Have you ever tried a hole saw? Pro's/Con's.

When you glue them, do you put them in a vise to compress, if so how do you adjust so there is not too much or little pressure? Is that something you just get a feel for?


----------



## JOHNNY QUEST (Mar 6, 2006)

bill said:


> I have a question or two.
> 
> Have you ever tried a hole saw? Pro's/Con's.
> 
> When you glue them, do you put them in a vise to compress, if so how do you adjust so there is not too much or little pressure? Is that something you just get a feel for?


 Bill i tried the hole saw and this bark is layered . it will delaminate on you very easy. so i went to the dremel tool to save as much integrity in the bark as possible. when clamping cork i am carefull not to deform the rings, but with this stuff i have to clamp the **** out of it to push the round out of it . its shaped like a tree trunk so it is not flat. ope this helps
randall


----------



## Goags (May 28, 2004)

Alright Randall, how much will it cost me for 10" of finished birch grip? I can get a preformed cork grip for about $5-10. Pretty labor intensive, right? You're doing great, keep on posting! Jerry


----------



## JOHNNY QUEST (Mar 6, 2006)

*1st. piece*

here is the first of 3 pieces sanded and polished.

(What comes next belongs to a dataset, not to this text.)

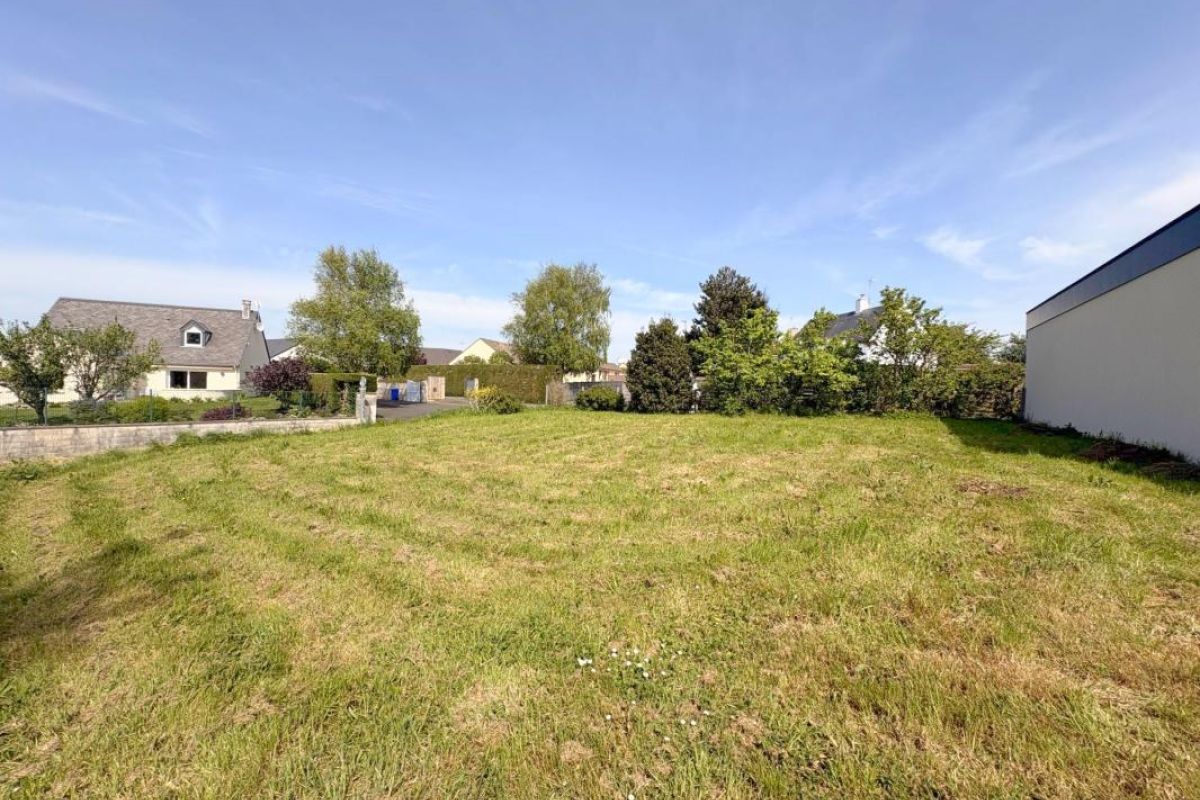 Un terrain proche du bourg de Bréhal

jerry this stuff is wonderfull.


----------



## bill (May 21, 2004)

Thanks for the answers.


----------



## NurseD-bait (Oct 2, 2004)

the tortie with the birch is the "bomb"


----------



## JOHNNY QUEST (Mar 6, 2006)

*the fit*

the fit seems to be good and the first step is done. I have not glued it up yet I will wait till all the pieces are done.

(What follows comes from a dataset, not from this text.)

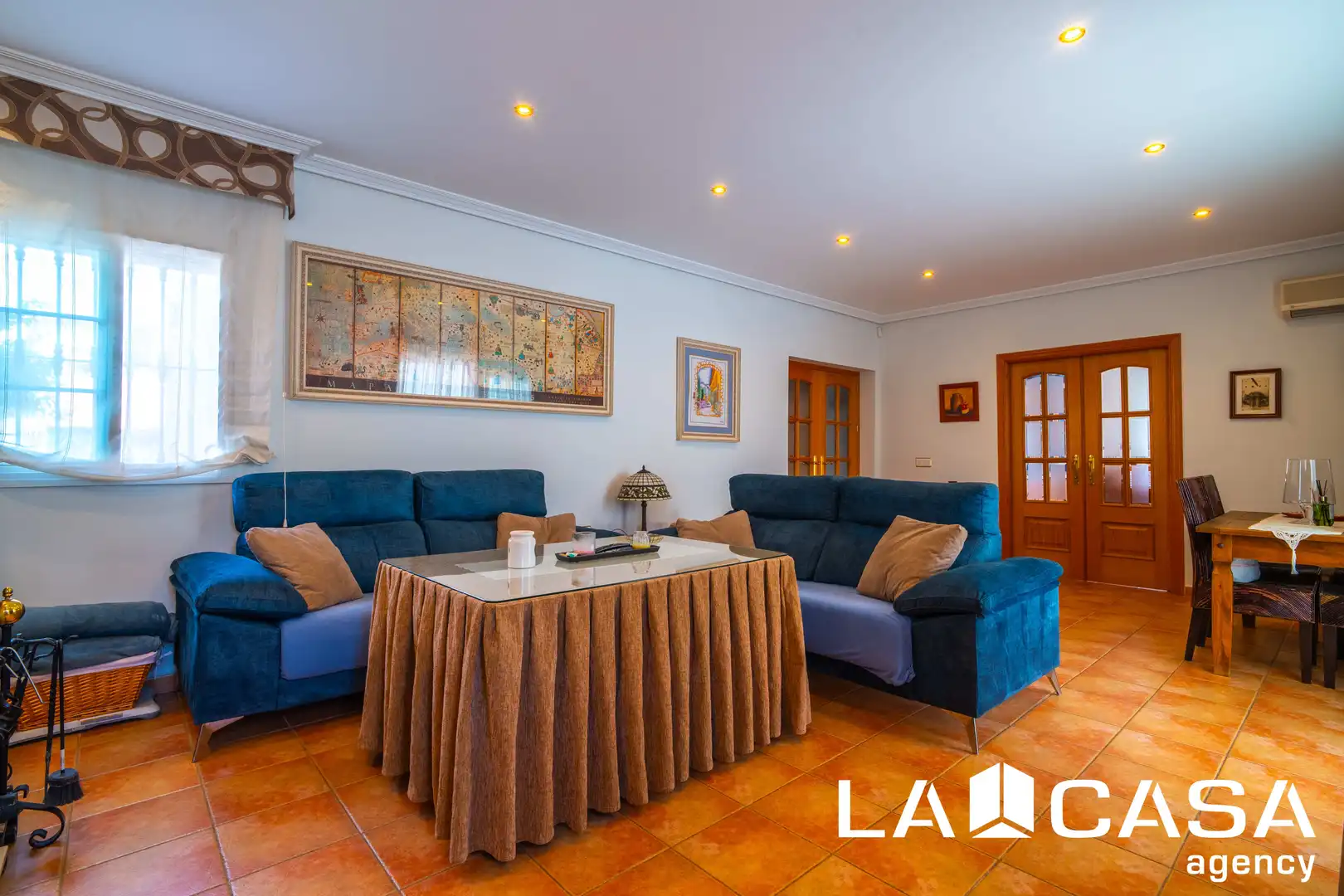 Chalet con piscina en venta en Cerros de Montequinto, imagen 2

I think you are right nursie the tortoise shell matches the bark well. all three pieces will have them as ends to keep the bark from delaminating.


----------



## twitch-twitch-reel (May 21, 2006)

thats some fine work bro! how much heavier is that than cork?


----------



## JOHNNY QUEST (Mar 6, 2006)

twitch-twitch-reel said:


> thats some fine work bro! how much heavier is that than cork?


Thanks twitch
Its not heavier really about the same. we may be talking grams of difference per handle. good looking stuff tho.


----------



## JOHNNY QUEST (Mar 6, 2006)

*3 pieces*

I took a few days and went fishing but all 3 pieces are complete now. i am really satisfied with the results and i am trying to figure out what type butt cap to put on it. its not glued up yet and this is just a test fit on a sample blank. 
jerry 75 dollars a foot. lol


----------



## jake67 (Aug 28, 2005)

aww man that is to cool is that blank colored like that on the split or is it marbled?


----------



## JOHNNY QUEST (Mar 6, 2006)

its a blue blank jake. i will be using a black one tho.


----------



## jake67 (Aug 28, 2005)

o ok that blue looks nice!


----------



## JOHNNY QUEST (Mar 6, 2006)

*Moving Right Along*

here it is without the stars for the team. i will be puting them between the grips. bark is very hard to work with and get right but the results are very rewarding. my camera always makes red look pink. ??????? but its red, white and blue. for the stars and stripes kayak fishing team.


----------



## jake67 (Aug 28, 2005)

aww man that looks great! whats the speical benefit of split grip if any?


----------



## bluefin (Aug 16, 2005)

Randall,

Love looking at your work. I've seen you post some of your other stuff up before and it's impressive. I know Bill asked about a hole saw but I was thinking about a round stamp press. Wouldn't that leave enough integrity if you made the circle big enough that you could just sand off the pinched edges? Just a thought. Again, love your work and the tortoise caps really look good.


----------



## JOHNNY QUEST (Mar 6, 2006)

*finished*

Here it is with the stars and stripes. it really came together when i added them.
1 more coat of finish and its out the door. team rod 2 of 8 finished.

RANDALL


----------



## bill (May 21, 2004)

Looks really cool! I like the stars, makes the whole rod pop.


----------



## twitch-twitch-reel (May 21, 2006)

Man that is so Nice. I like just about anything in red white and blue! what would what is the blank modules? how much for something like that with cork?


----------



## ellisredfish (Jul 5, 2005)

Very nice rod, indeed, Randall.


----------



## JOHNNY QUEST (Mar 6, 2006)

twitch-twitch-reel said:


> Man that is so Nice. I like just about anything in red white and blue! what would what is the blank modules? how much for something like that with cork?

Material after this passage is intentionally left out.